Aí entra o segundo aprendizado: para o setor privado fazer a sua parte na conservação da biodiversidade e no combate à crise climática precisamos de políticas públicas embasadas em ciência de ponta. Cientistas em todo o Brasil já mostram o caminho para alcançarmos o desenvolvimento sustentável, mas precisam ser ouvidos.

Instituto Serrapilheira começou a trabalhar em um projeto-piloto de um centro focado em ecologia, visando produzir ciência aplicada às tomadas de decisão sobre sociobiodiversidade e reforçar a liderança brasileira no tema.

Uma plataforma desenvolvida por cientistas ligados ao projeto revela dados importantes.

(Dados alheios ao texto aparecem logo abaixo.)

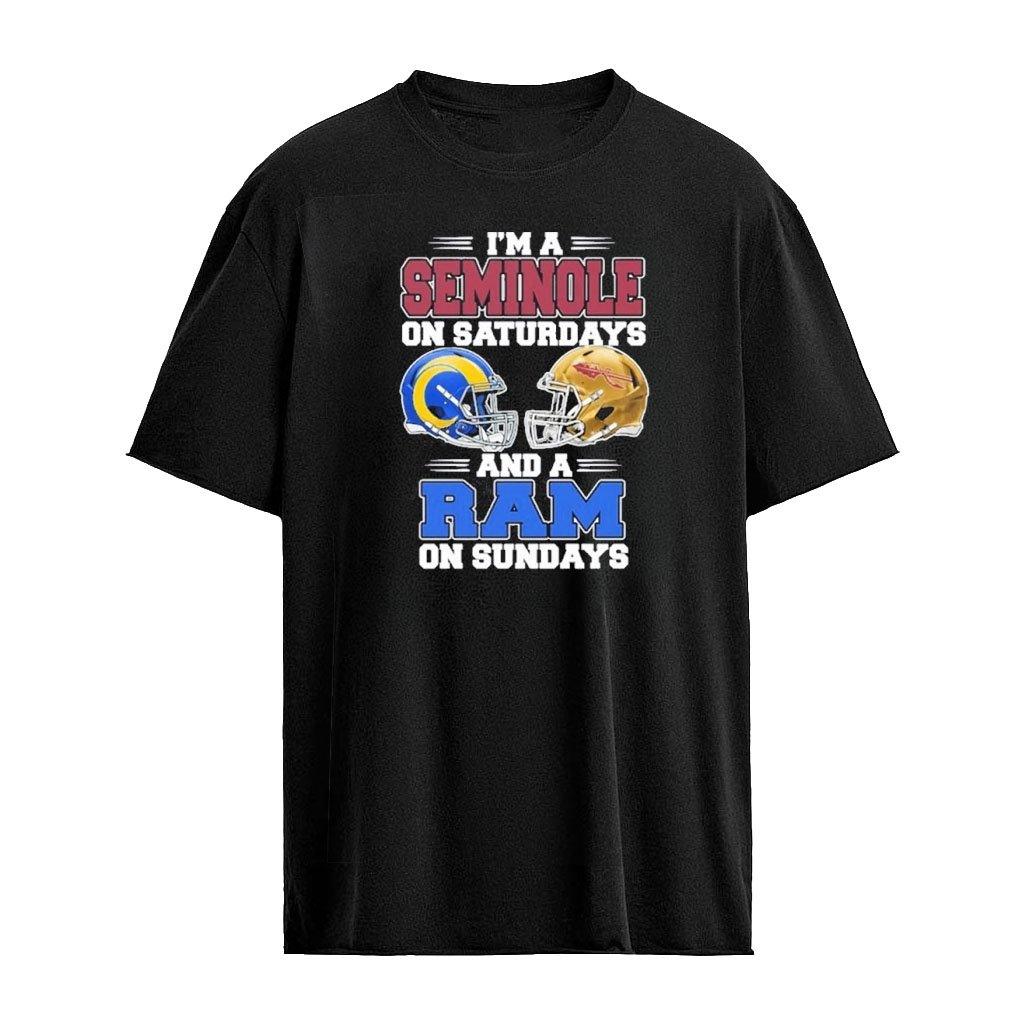 I’m A Seminoles on Saturdays And A Los Angeles Rams on Sundays T-Shirt
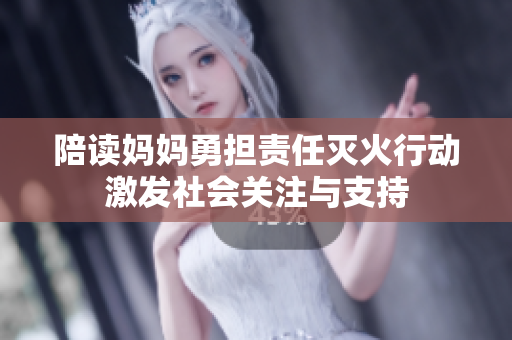陪读妈妈勇担责任灭火行动激发社会关注与支持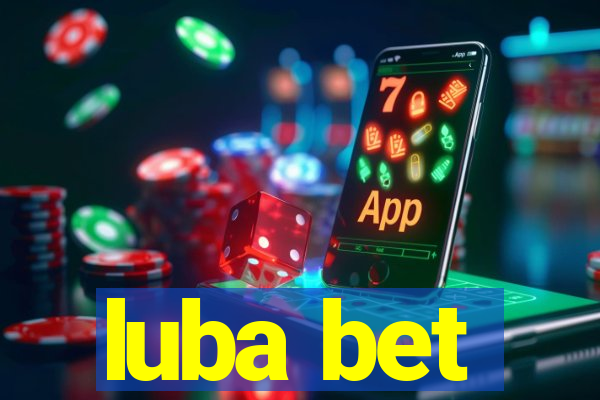 luba bet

Eles mostram como as terras indígenas amazônicas são fundamentais para o ciclo hidrológico, impactando o provimento de água em outras regiões do Brasil. Estima-se que mais de 50% do PIB agropecuário do Brasil hoje seja influenciado pela água reciclada em terras indígenas da Amazônia. Ou seja: o setor agropecuário brasileiro depende da conservação dessas terras.

O terceiro aprendizado é, justamente, a importância da integração da ciência acadêmica com a ciência indígena. O conhecimento dos povos indígenas, bem como o de comunidades locais, tem dimensões muito práticas sobre a manutenção da vida frente às crises ambientais atuais e sobre a recuperação da biodiversidade. Devemos buscar um diálogo de igual para igual, sem que o conhecimento de um dos atores precise ser validado segundo os conceitos do outro.

A COP16 mal terminou e a Conferência do Clima (COP29), iniciada nesta segunda-feira (11), no Azerbaijão, é uma nova oportunidade de fazer a diferença.

Que os resultados insatisfatórios do encontro em Cali sirvam de alerta de que é preciso dar ouvidos à ciência, respeitando os povos indígenas e as comunidades tradicionais, para construir caminhos efetivos e cumprir as metas acordadas.

Os sinais da natureza são claros, não dá mais para esperar tantas outras COPs.